- Created: March 11, 2014 (adopted)
- Author(s): Supreme Council of Crimea and the Sevastopol City Council
- Purpose: Unification of the Autonomous Republic of Crimea and Sevastopol as a single entity, independent from Ukraine; Referendum on the status of Crimea;

= Declaration of Independence of the Republic of Crimea =

2014 declaration of Crimean independence and intent to join Russia

The Declaration of Independence of the Autonomous Republic of Crimea and Sevastopol was a joint resolution adopted on March 11, 2014 by the Supreme Council of Crimea and the Sevastopol City Council that proclaimed the Autonomous Republic of Crimea and the city of Sevastopol a sovereign state — the Republic of Crimea. The decision was taken after unmarked Russian soldiers ("little green men") invaded Ukraine and seized the Crimean parliament.
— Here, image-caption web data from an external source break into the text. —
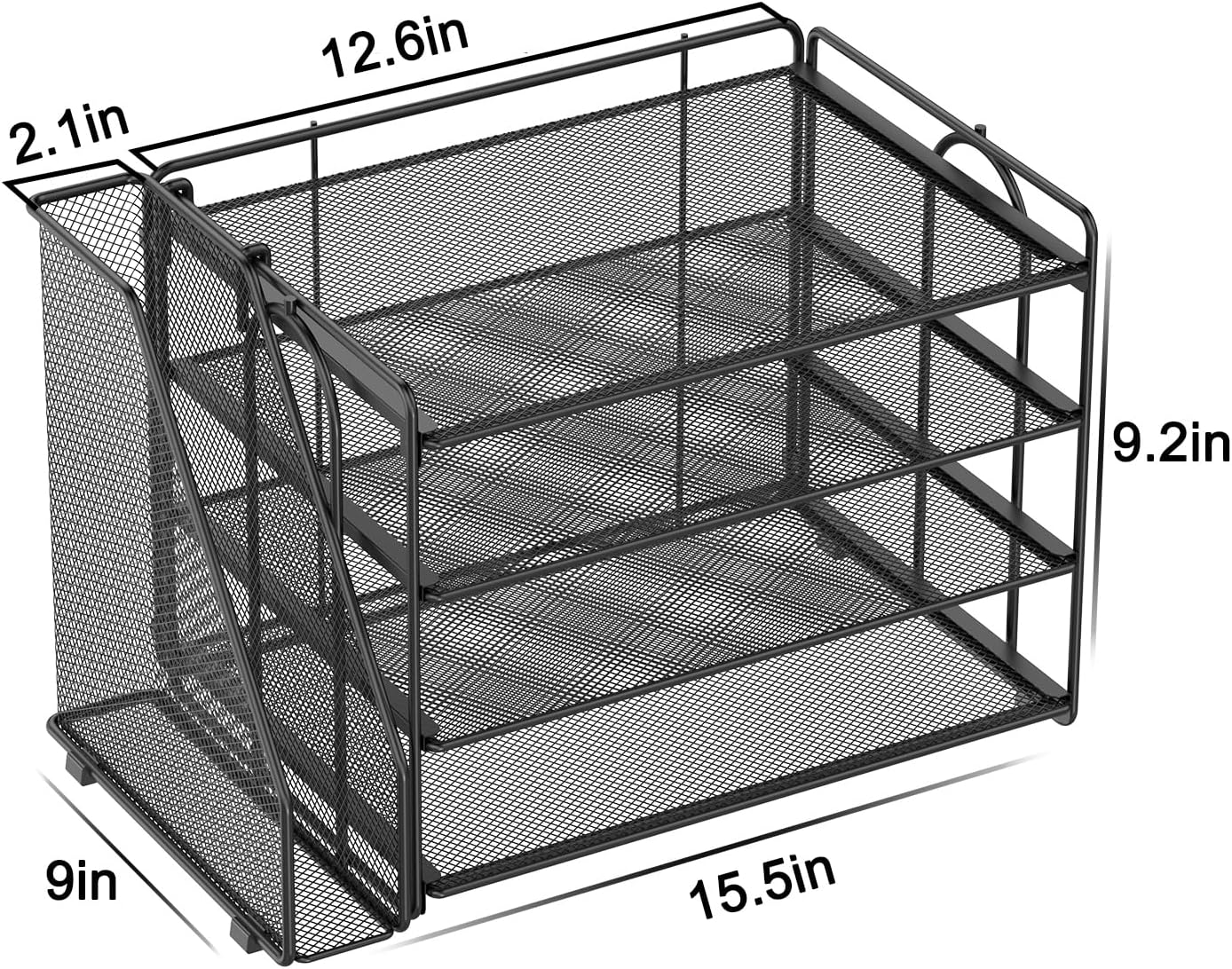 Alternative view of Spacrea Desk Organizers and Accessories, Paper Organizer for Desk with File organizer, Desk Accessories & Workspace Organizers for Catalog & Reference Racks (Black)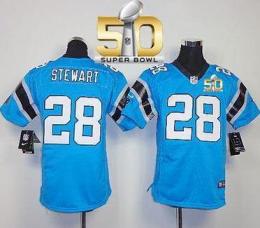 Youth Nike Panthers #28 Jonathan Stewart Blue Alternate Super Bowl 50 Stitched NFL Elite Jersey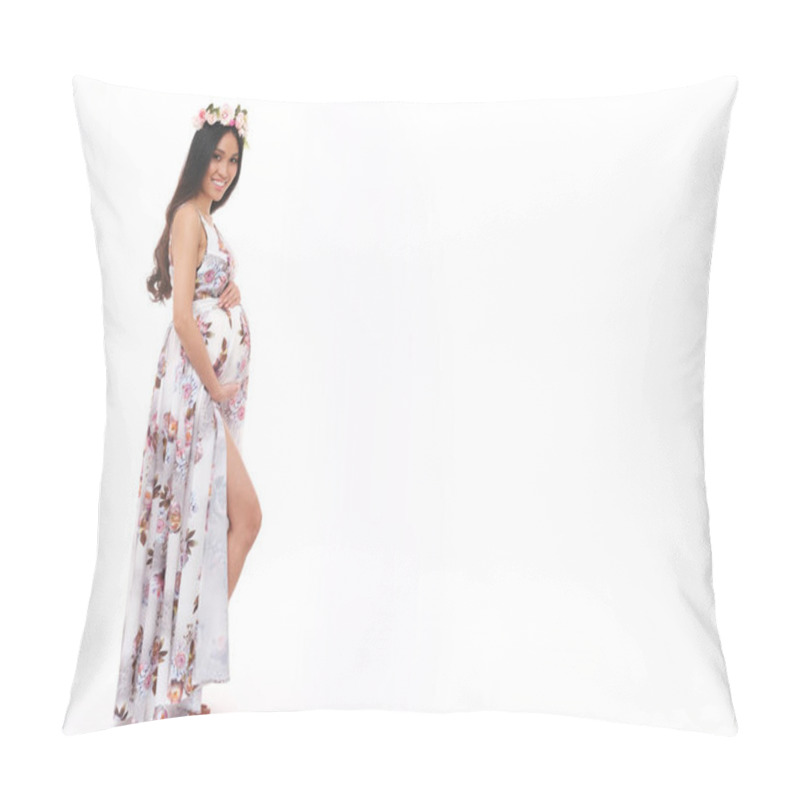 Personality  Pregnant Woman With Beautiful Belly Looks Just Precious. Pregnancy As Best Time For Every Woman. Studio Shoot On White Background. Pillow Covers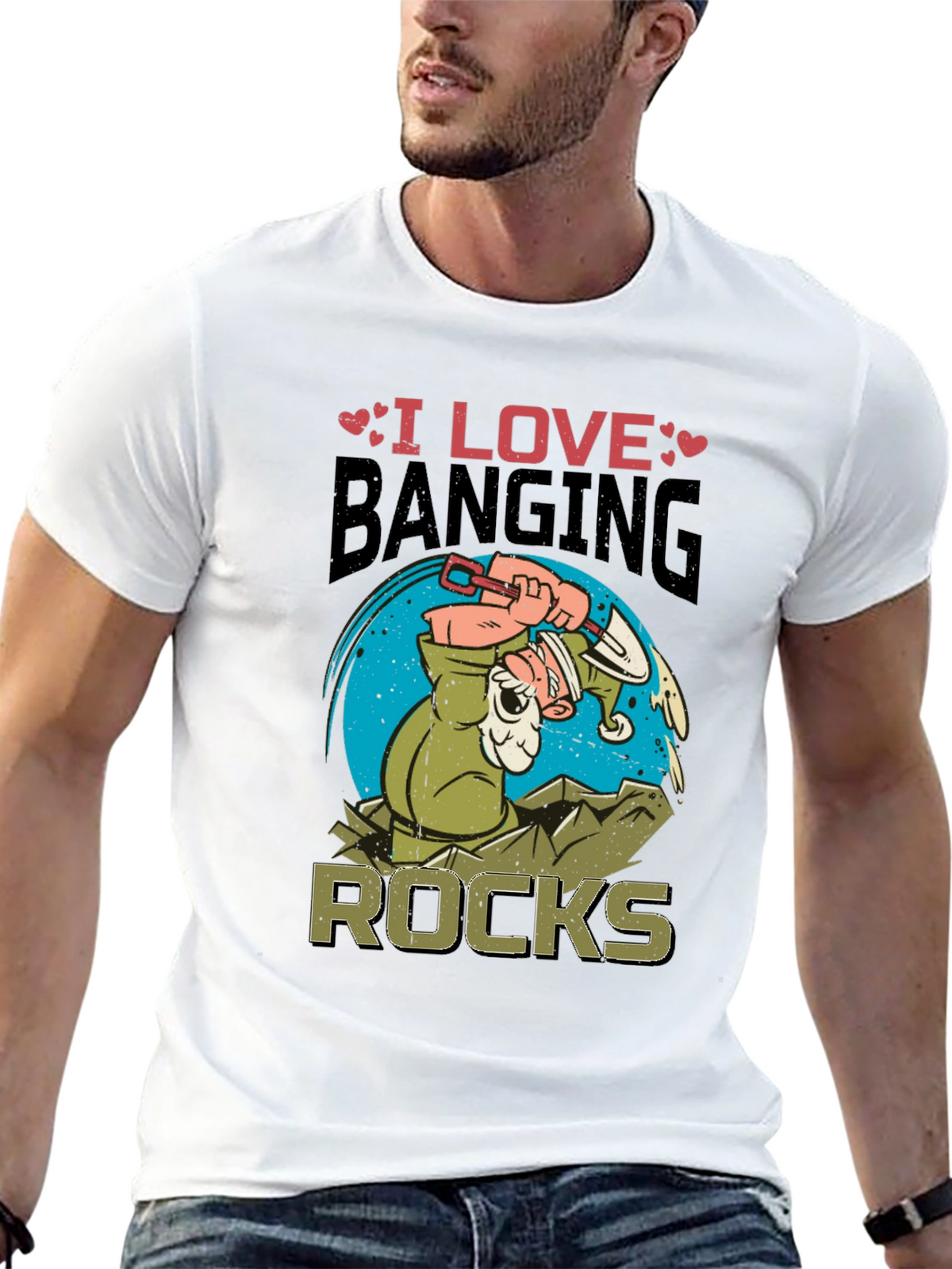 I Love Banging Rocks Black Graphic T-Shirt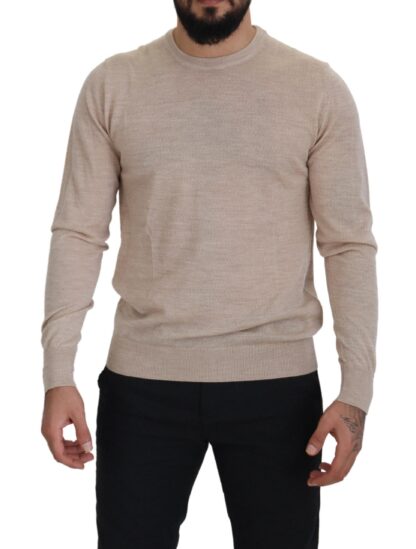 Dolce & Gabbana - Elegant Beige Crewneck Wool Sweater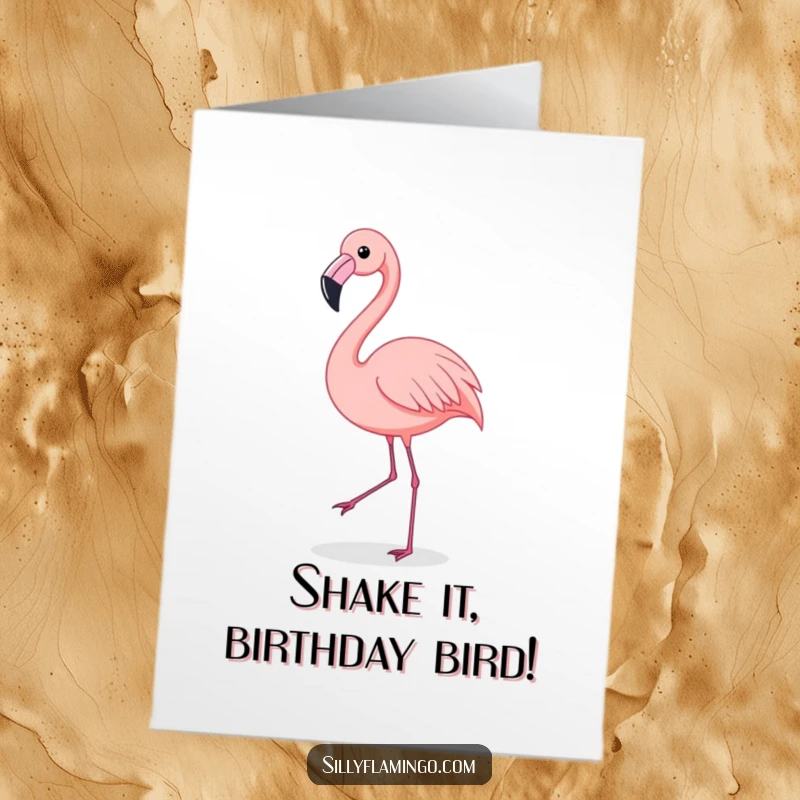 Funny Free Printable Birthday Card featuring a flamingo doing a joyful shimmy dance, spreading birthday cheer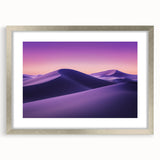 Desert landscape framed artwork in silver, featuring a serene sunset over sand dunes, perfect for enhancing home decor with a touch of natural beauty.
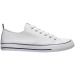 Chaussures de tennis / sneakers classiques en toile avec semelle en caoutchouc blanc décorée de lignes colorées, paire de sneakers publicitaire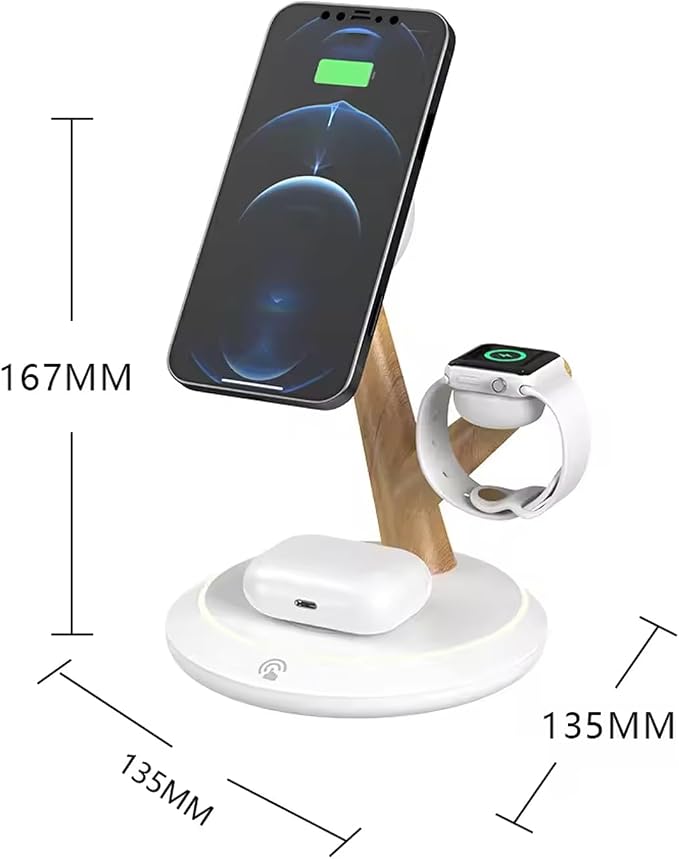 3 in 1 Wireless Charger Stand Desktop Charging Station - 15W Magnetically Attached Charging Pad Automatic Induction Identification Charging with Qi-CertifiedA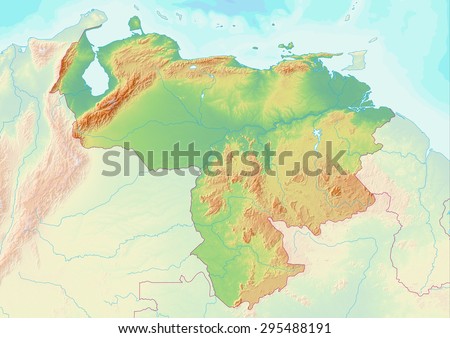 Topographic Map Of Venezuela With Shaded Relief And Elevation Colors ...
According to the Declaration, the newly formed state has the right to apply to Russia for the inclusion of the territory in the federation as a separate subject.

In Ukraine's constitution, the Autonomous Republic of Crimea and the city of Sevastopol are recognised as integral parts of Ukraine, and changes to the territory of Ukraine is possible only after the relevant result of an All-Ukrainian referendum.

== International reaction ==
Russia recognised the Republic of Crimea's declaration of independence, and following a referendum in the territory which was condemned as "illegal" by the European Union and countries such as the United States, annexed the Republic into the Russian Federation. US President Barack Obama said that Russian actions were a violation of Ukrainian sovereignty and that the referendum would "violate the Ukrainian constitution and international law". On 27 March 2014, the United Nations General Assembly adopted the "Territorial Integrity of Ukraine" Resolution, which recognised Crimea as part of Ukraine.

The genuine nature of the declaration has been called into doubt with one scholar calling it a "fig-leaf" to disguise the fact that it was a transfer of territory from Ukraine to Russia.